その答えは一人ひとり違っていても、成果をあげたい。もっとあげたい。そう誰もが願っているのではないでしょうか。
そして、自分はもっと成果をあげられるはず、と思っている人も少なくないでしょう。
これは個人に限ったことではなく、どのチームや組織にも同じような願いがあるでしょう。
より大きな成果をあげるために
より大きな成果をあげるために、あなたはどうしていますか?
もっと、気合いを入れて頑張る!
この根性論、精神論。
「日本文化」でしょうか、それとも「昭和文化」?
確かに根性で成果をあげてきたのですが、持続的にあげることはできません。
頑張って長時間労働をする事によってGDP世界2位まで上り詰めたのです。
現在、順位を一つ落としたとはいえ、世界第3位のGDPです。
ところが、生産性が先進国の中でも著しく低いのが、我が国の労働力です。
生産性が低いのにもかかわらず、長時間労働によって世界3位のGDPを生み出しているのが現実です。

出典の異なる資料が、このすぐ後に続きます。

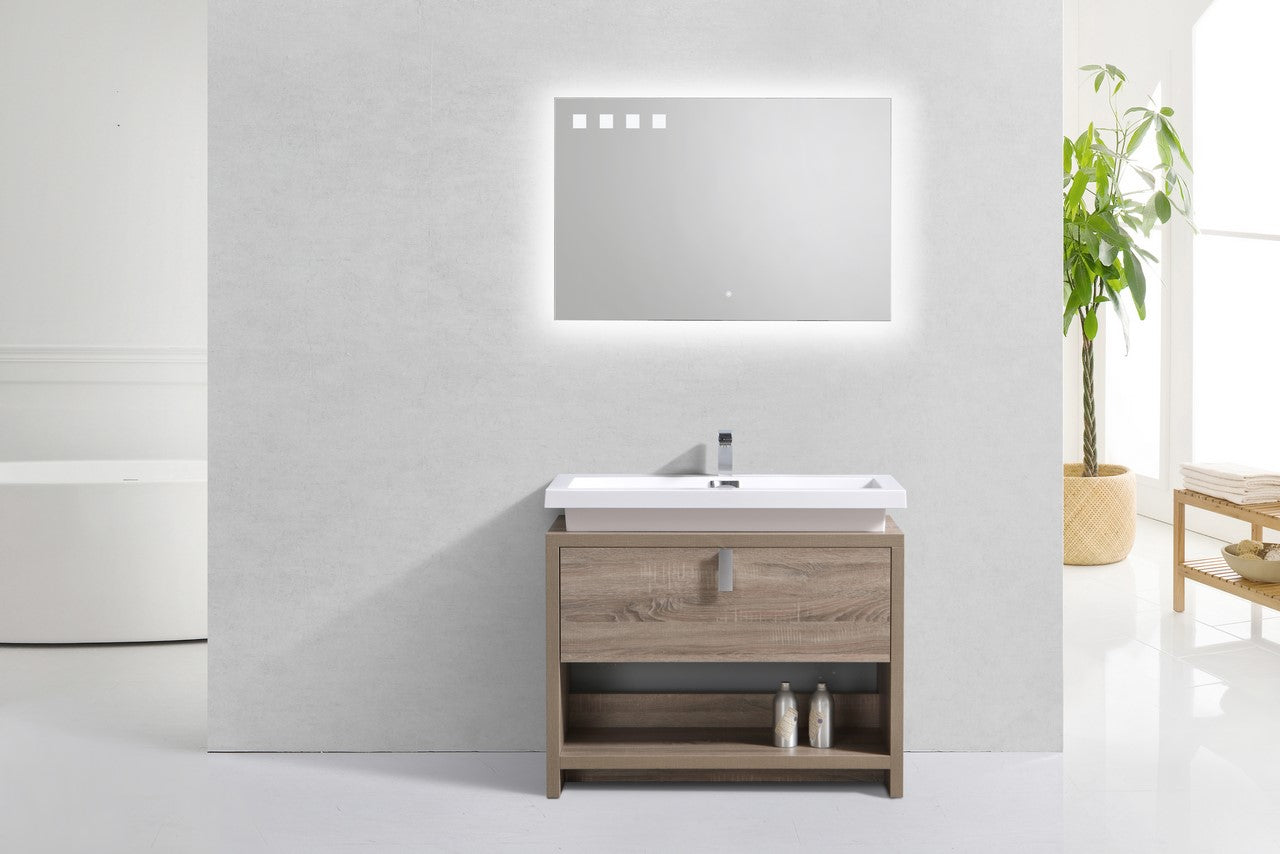 Levi 40″ Inch Havana Oak Modern Bathroom Vanity W/ Cubby Hole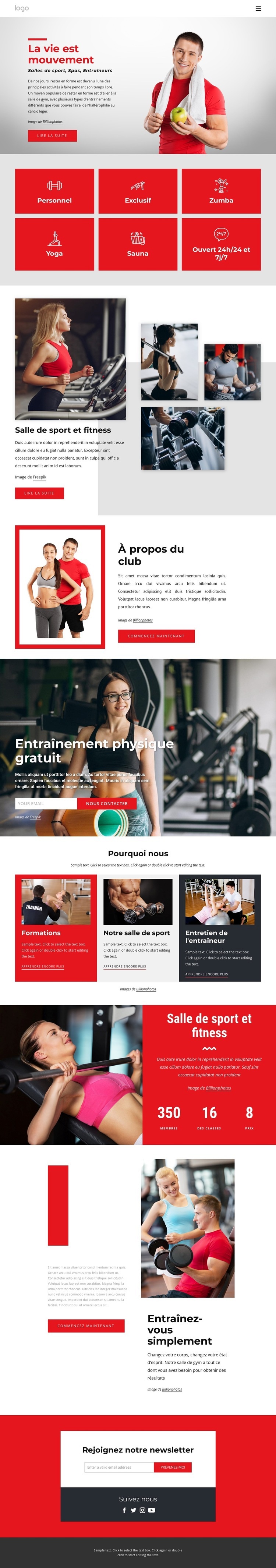 Le meilleur club sportif Modèles de constructeur de sites Web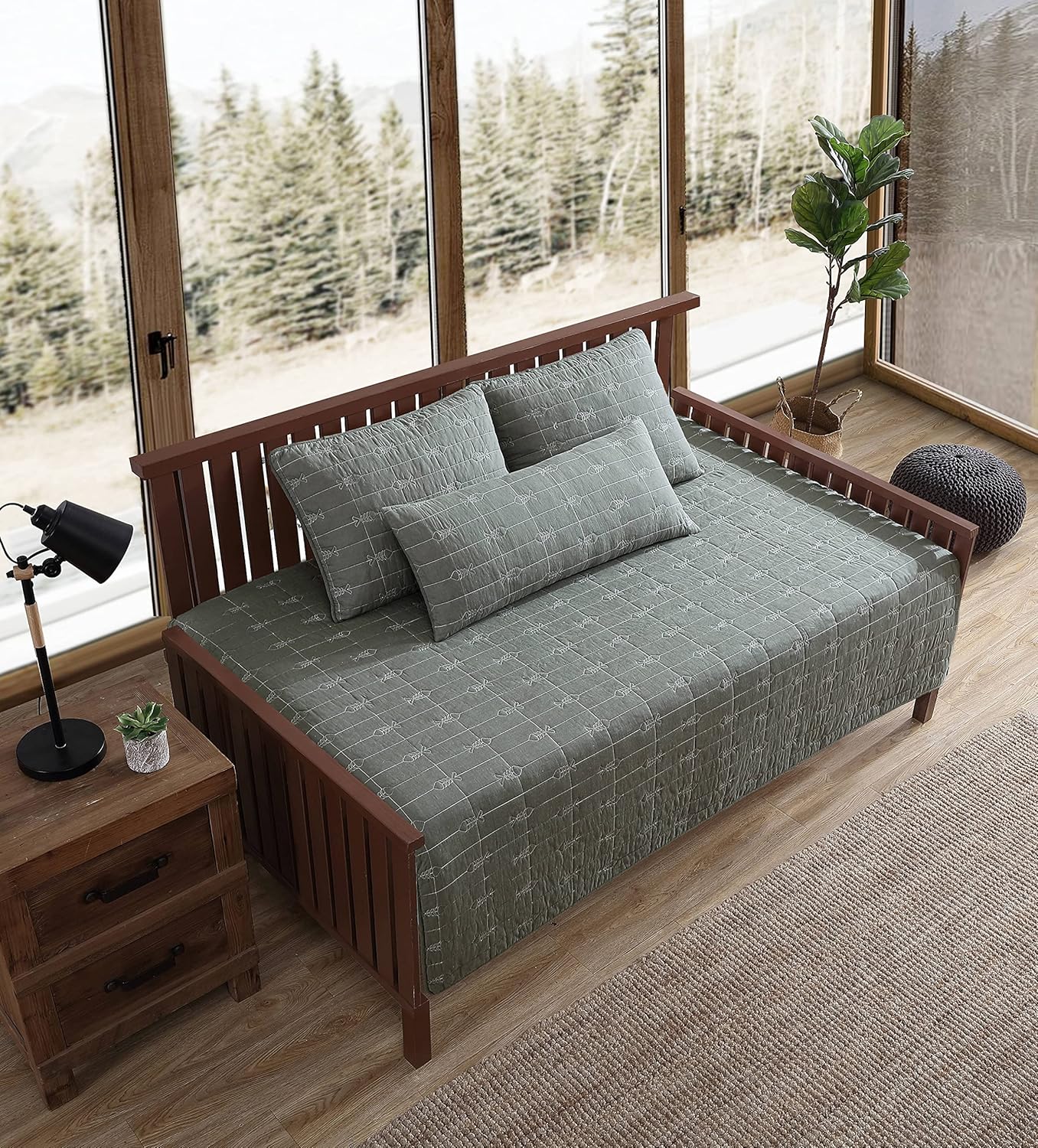 Eddie Bauer – Juego de sofá cama, ropa de cama reversible de algodón con fundas a juego y funda de almohada decorativa, decoración ligera del hogar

やっぱり、頑張って気合いを入れて、長時間を働くことで、より多くの成果をあげれば良いのでしょうか?
そんなことはありません。
世界第3位のGDPも2位から落ちて、相対的にぐんぐんと1位、2位に差をつけられています。うんと引き離されて、4位ドイツに近づいています。
さらに、今は令和、AI時代。
日本の労働力が従事している仕事ほとんどが、AIに替わるのも間近です。
それでは、どうすれば良いのでしょう。どこから始めたら良いのでしょう。
成果をあげるために始めるところ
それでは、どこに手をつけたら良いのでしょうか。
ピーター・ドラッカーの言葉です。
生前ピーター・ドラッカーがクレアモント大学で教鞭をとっている時に、この言葉をドラッカー自身から聞きました。
本を読んで知っていた内容であったはずなのですが、実際に話を聞いてやってみると刺さりました。
自分はそれまで、仕事の「やり方」で効率を上げて何とか成果をあげようとしていたからです。
そして、正しい「やり方」で良い計画を作れば、必ず成果があがると思っていたのです。
成果があがったときには、正しい「やり方」で良い計画を作ったからだと思っていました。
ところが、良い計画をスケジュールに落とし込みさえすれば良いと考えていた私に、「時間が何にとられているのかを明らかにすることからスタート」せよとの言葉が入ってきました。
そんなの分かっていると思っていましたが、細かく記録をはじめると、自分がいかにいくつもの仕事に手を出して、集中して一つのことに取り組んでいないかが明らかでした。
こんな皿回しの曲芸を見たことがあるかもしれません。
長い棒の先にお皿を載せてくるくると回して、お皿が落ちないようにする。
その最中に次々と複数の棒の上でお皿を回す。
最初の棒のお皿の回り方が鈍くなって、フラフラと棒から落ちそうになると、その棒をくるくると回し、次の棒、その次の棒とお皿を回し続けるというものです。
私の仕事の仕方は、まさにこの皿回しの曲芸師ようでした。
棒の一本一本の間を走り回って、皿を棒の上から落ちないようにしているかのような仕事の仕方でした。
本当の自分の姿が露わにされました。
自分では皿回しのような仕事の仕方をしているとは思ってもいませんでした。
「記憶してもダメ、記録しなさい」
「記録」したことで、自分が実際に何に、どのように、どれだけの時間を使っていたのか「見える化」したのでした。
鏡に映ったかのように見える自分の姿が、私の時間の扱い方を変えました。
まとまった時間の確保
「すきま時間」の有効利用がよく言われます。
もちろん、「すきま時間」を使ってできることが存在するのは事実です。
しかし、「まとまった時間」を確保しないと、質の高い仕事ができない、成果を最大化できないのですね。
時間管理の重要度と緊急度のマトリックスで、第2領域と言われる「緊急度は低く、重要度が高い」タイプの仕事は、「まとまった時間」を確保しないと決して取り組むことも、成果をあげることもできません。
「まとまった時間」がないと自分はエンジンがかかりにくいことも学びました。
そして、「まとまった時間」を確保しようとすると、選択をせざるを得なくなるのです。
つまり、優先順位をはっきりさせて、やらないことを大胆に決めなければならなくなるのです。
それによって、本当に成果を生み出す重要度の高い仕事に打ち込むことができるようになっていきます。
方法はかまいません。時間使用の記録をとってみて下さい。
そして、成果をあげるスタートを切りましょう。